**DATA BLOCK**
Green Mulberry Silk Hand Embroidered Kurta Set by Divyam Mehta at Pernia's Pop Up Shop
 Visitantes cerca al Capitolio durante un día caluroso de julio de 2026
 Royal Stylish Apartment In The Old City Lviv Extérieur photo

**TASK REQUIREMENTS**
All lines above are to be transcribed exactly.

**RESPONSE AREA**
Green Mulberry Silk Hand Embroidered Kurta Set by Divyam Mehta at Pernia's Pop Up Shop
 Visitantes cerca al Capitolio durante un día caluroso de julio de 2026
 Royal Stylish Apartment In The Old City Lviv Extérieur photo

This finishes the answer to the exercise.